SEOUL (Reuters) - Eight North Korean defectors in China face involuntary repatriation after being detained by Chinese police last month, the Human Rights Watch group and a pastor who have been assisting them said on Monday.
Human Rights Watch said Chinese government authorities detained the eight North Koreans in mid-March during what appeared to be a random road check in northeastern China.
The detention of North Korean defectors in China comes as U.S. President Donald Trump has pressured China to do more to rein in Pyongyang amid heightened tension over its nuclear and missile programs.
"By now, there are plenty of survivor accounts that reveal (North Korean leader) Kim Jong Un's administration is routinely persecuting those who are forced back to North Korea after departing illegally, and subjecting them to torture, sexual violence, forced labor – and even worse," Phil Robertson, deputy Asia director at Human Rights Watch, said in a statement on Monday.
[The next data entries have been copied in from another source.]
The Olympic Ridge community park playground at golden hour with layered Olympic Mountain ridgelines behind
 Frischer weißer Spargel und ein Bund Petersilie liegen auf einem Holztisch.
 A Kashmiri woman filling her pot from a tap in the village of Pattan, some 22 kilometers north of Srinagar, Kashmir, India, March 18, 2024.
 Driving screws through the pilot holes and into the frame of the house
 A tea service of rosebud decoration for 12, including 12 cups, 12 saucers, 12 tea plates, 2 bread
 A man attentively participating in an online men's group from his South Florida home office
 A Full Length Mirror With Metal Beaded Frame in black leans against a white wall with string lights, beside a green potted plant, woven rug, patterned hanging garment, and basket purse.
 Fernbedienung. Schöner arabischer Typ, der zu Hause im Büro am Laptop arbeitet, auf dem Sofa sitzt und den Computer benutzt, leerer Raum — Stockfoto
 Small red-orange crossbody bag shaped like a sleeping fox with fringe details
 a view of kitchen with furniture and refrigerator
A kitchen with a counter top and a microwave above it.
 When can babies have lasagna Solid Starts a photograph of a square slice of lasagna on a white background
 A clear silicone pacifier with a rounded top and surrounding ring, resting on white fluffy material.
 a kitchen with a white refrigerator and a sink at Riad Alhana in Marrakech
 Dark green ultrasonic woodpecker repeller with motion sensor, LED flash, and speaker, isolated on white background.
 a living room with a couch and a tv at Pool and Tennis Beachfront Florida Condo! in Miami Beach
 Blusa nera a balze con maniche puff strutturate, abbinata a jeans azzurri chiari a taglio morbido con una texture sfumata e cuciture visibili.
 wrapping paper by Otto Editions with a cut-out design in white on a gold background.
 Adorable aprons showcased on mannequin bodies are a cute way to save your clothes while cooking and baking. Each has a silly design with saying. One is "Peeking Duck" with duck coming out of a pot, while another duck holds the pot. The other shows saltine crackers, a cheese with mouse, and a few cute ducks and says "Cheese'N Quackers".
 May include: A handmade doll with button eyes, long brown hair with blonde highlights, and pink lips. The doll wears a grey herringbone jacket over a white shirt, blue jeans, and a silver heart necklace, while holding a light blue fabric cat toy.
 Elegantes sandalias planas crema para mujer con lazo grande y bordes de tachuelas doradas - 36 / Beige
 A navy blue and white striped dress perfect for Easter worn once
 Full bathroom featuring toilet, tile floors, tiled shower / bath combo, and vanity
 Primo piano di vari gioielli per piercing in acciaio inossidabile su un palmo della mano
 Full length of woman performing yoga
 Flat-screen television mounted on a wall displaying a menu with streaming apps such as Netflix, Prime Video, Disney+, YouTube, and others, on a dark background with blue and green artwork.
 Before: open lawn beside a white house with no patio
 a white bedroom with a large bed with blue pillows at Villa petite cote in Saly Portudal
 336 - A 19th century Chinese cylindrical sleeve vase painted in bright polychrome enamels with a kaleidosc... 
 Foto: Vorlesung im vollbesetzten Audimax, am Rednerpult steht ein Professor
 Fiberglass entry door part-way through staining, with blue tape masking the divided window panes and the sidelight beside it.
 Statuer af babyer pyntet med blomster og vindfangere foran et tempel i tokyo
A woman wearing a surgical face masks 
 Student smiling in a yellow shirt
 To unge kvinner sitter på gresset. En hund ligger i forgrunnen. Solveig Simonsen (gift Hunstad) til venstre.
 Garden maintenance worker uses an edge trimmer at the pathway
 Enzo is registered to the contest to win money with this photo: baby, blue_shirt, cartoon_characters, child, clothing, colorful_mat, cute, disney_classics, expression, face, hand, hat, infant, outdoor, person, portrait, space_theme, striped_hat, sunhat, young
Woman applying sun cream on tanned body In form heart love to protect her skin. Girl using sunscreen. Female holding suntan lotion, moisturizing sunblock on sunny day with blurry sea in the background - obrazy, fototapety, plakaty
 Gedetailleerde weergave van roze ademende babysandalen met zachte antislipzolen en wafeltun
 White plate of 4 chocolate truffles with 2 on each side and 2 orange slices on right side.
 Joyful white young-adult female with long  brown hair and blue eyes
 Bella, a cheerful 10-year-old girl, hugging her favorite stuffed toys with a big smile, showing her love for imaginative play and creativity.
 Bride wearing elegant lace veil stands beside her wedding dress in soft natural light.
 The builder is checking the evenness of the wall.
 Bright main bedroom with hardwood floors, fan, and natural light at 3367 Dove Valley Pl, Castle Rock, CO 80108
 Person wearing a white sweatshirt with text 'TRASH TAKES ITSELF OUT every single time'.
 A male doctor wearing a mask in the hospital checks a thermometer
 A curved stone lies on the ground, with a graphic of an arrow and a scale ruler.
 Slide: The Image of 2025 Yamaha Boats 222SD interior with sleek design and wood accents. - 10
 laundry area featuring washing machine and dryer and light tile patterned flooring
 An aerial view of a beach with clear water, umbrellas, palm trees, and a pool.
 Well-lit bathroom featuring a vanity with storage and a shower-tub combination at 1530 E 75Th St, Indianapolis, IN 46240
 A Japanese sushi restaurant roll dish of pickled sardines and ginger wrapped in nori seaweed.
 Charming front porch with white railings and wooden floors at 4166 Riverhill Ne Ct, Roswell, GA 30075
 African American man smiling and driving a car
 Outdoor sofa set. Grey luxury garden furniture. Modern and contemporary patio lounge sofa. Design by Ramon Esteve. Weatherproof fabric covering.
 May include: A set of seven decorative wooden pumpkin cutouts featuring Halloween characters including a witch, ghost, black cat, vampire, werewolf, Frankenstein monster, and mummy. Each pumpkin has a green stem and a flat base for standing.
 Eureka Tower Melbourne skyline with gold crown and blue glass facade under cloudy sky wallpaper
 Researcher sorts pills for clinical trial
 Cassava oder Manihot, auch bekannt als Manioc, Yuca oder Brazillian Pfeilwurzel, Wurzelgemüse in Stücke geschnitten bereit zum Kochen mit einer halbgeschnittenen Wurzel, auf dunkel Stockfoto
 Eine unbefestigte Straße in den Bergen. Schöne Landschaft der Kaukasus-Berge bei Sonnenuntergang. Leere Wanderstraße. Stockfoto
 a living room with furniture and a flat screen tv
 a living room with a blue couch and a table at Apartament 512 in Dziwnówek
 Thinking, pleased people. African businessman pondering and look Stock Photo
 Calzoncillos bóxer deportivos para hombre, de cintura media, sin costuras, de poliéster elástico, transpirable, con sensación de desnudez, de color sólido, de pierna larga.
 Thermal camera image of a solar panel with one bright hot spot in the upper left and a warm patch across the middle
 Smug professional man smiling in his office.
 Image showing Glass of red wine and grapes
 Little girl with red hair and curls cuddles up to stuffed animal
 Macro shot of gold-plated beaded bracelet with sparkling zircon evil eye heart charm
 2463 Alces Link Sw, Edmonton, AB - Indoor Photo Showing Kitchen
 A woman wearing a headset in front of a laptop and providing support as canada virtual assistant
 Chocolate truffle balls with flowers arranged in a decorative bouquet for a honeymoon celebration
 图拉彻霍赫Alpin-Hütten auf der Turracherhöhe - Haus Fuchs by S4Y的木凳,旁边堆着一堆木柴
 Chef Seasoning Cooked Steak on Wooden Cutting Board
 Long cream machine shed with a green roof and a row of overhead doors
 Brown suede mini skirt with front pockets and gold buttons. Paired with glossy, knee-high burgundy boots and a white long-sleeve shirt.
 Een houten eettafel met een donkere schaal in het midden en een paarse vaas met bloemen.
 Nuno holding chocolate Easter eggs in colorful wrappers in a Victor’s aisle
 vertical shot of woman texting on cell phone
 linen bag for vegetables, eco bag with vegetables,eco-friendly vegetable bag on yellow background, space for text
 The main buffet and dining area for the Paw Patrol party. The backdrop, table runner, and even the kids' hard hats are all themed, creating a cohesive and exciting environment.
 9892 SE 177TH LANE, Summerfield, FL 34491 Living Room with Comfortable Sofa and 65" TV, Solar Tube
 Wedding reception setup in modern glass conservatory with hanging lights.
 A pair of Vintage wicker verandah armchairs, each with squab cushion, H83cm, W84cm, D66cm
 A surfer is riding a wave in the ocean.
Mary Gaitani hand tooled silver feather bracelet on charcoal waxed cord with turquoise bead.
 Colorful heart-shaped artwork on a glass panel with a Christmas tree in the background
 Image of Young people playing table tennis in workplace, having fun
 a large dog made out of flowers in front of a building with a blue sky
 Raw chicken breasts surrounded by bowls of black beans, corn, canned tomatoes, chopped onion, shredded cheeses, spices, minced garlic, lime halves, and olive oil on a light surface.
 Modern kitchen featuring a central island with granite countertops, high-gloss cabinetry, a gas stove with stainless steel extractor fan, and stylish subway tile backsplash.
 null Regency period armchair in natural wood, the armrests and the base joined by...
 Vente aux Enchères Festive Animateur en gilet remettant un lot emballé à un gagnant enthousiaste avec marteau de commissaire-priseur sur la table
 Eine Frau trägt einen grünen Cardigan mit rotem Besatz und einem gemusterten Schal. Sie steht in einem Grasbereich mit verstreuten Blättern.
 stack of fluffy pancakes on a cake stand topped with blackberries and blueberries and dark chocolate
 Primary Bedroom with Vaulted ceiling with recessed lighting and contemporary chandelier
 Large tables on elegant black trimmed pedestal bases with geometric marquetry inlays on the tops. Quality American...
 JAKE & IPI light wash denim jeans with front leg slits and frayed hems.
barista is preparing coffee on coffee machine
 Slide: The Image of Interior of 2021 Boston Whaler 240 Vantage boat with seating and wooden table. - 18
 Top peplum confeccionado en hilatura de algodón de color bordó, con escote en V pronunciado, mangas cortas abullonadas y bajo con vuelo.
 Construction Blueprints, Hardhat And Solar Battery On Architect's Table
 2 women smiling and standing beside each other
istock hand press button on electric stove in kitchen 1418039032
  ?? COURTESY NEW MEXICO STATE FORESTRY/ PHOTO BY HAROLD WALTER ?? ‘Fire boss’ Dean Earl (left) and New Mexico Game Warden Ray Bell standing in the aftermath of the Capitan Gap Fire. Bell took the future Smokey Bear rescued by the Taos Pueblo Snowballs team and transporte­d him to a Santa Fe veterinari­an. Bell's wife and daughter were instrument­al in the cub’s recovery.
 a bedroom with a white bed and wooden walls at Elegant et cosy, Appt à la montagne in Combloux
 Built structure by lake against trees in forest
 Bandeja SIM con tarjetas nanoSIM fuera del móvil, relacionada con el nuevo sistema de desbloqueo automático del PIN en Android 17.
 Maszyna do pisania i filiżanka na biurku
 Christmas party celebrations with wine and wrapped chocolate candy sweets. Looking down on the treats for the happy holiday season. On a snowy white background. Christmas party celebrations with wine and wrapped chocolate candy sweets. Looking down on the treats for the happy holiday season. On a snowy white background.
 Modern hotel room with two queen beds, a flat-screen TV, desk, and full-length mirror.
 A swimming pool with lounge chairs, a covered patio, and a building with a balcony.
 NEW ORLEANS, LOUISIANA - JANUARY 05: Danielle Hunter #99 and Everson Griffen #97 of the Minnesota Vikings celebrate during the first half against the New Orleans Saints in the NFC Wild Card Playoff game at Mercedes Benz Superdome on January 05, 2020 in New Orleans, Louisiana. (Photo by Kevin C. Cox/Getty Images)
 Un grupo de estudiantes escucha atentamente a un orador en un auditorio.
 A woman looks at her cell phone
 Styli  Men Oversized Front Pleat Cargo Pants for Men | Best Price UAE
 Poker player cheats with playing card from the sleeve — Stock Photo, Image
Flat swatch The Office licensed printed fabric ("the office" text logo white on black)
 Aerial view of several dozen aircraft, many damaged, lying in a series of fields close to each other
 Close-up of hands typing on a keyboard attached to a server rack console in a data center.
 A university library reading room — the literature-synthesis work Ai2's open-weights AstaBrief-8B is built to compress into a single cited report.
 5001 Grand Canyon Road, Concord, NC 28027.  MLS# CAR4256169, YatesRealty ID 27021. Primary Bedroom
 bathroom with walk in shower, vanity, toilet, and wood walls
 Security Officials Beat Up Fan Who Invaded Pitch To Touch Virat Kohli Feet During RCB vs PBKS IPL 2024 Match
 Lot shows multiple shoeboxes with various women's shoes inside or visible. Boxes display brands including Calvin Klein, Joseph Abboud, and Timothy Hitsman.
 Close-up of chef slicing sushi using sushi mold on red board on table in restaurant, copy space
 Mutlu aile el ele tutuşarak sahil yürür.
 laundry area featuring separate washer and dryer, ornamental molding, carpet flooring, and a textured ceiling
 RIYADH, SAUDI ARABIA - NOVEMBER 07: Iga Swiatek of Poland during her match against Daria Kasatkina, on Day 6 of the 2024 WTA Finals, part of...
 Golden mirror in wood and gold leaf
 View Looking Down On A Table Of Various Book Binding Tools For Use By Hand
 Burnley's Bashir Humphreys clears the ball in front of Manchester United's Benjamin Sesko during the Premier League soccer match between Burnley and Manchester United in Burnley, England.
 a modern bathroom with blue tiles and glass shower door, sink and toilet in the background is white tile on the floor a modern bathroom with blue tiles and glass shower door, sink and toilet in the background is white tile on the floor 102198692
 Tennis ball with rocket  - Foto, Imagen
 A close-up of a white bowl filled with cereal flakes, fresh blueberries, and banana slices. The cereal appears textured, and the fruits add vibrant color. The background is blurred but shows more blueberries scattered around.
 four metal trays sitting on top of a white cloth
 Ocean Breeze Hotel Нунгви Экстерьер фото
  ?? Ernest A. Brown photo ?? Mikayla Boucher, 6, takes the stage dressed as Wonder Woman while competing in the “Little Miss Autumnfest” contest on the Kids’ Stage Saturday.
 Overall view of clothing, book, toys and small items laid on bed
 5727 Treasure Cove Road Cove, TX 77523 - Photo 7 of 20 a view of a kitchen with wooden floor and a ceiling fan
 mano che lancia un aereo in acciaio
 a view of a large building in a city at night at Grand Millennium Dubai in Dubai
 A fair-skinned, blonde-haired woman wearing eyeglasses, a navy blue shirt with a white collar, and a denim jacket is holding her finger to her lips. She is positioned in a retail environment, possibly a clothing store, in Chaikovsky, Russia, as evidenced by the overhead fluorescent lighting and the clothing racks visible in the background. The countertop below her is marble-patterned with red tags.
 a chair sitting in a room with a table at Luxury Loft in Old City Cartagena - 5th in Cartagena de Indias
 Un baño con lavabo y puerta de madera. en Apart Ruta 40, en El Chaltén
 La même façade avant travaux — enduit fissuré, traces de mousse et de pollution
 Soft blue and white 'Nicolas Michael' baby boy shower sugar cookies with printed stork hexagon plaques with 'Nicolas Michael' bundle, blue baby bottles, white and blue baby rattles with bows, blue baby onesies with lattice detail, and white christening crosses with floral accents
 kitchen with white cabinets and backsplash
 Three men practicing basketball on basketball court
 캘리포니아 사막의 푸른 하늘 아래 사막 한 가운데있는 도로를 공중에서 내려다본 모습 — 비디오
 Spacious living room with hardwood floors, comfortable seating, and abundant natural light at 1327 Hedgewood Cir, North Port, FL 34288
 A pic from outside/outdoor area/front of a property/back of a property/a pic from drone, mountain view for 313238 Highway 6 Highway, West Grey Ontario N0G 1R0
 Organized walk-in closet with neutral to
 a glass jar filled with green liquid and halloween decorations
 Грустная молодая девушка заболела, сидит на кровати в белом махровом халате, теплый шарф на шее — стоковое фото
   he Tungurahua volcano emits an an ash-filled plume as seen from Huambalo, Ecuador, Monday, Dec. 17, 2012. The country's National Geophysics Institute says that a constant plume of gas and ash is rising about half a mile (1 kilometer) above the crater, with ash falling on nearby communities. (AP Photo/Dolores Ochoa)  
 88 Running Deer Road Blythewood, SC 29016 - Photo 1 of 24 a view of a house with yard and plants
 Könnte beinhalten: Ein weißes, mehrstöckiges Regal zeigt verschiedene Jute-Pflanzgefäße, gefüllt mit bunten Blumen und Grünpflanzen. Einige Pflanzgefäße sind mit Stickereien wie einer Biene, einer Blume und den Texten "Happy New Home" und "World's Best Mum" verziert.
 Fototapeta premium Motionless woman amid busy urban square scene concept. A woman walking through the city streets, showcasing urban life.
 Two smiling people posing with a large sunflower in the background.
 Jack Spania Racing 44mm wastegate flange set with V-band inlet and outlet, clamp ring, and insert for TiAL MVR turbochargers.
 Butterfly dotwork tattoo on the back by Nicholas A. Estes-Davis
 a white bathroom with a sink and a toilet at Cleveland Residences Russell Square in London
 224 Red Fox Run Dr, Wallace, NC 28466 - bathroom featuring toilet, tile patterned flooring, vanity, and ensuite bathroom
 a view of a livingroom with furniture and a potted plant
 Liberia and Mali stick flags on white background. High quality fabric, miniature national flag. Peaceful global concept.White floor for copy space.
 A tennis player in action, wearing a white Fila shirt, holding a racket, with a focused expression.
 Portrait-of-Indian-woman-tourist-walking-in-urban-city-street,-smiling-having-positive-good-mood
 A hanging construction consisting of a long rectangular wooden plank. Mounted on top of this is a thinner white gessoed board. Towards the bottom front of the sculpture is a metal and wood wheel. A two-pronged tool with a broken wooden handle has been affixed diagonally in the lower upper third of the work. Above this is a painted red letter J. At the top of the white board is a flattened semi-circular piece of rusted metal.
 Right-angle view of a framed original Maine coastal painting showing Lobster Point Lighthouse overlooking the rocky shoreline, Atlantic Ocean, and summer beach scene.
Robertson called on China not to deport the would-be defectors.
The United Nations has said China is required under international law not to return defectors to North Korea, where they could face persecution, torture and possibly death.
China says North Korean defectors are illegal migrants who flee their country for economic reasons. North Korea calls them criminals and describes those who try to bring them to South Korea as kidnappers.
The eight North Koreans were in the city of Shenyang, where traffic police stopped their vehicle and took them to a police station because they did not have valid documentation, Human Rights Watch said.
A Christian pastor helping North Korean defectors in China and who asked to be identified by the pseudonym Stephan Kim, said they had sent him a video clip asking U.S. President Donald Trump and Chinese President Xi Jinping for help.
The video shows North Korean defectors waiting inside a vehicle outside a Chinese police station.
"President Trump and Chinese President, please save us. If we go back to North Korea we will be dead, " said a female North Korean, whose face was blurred for security reasons.
Another woman sitting next to her put her hands together and pleaded for help.
Scores of North Koreans attempt to flee their country every year, often first crossing into China and then making their way to Southeast Asia. Some countries in the region have worked with South Korea to send them to South Korea.
About 30,000 have made their way to South Korea, many with the help of South Korean human rights groups, religious organizations or commercial brokers.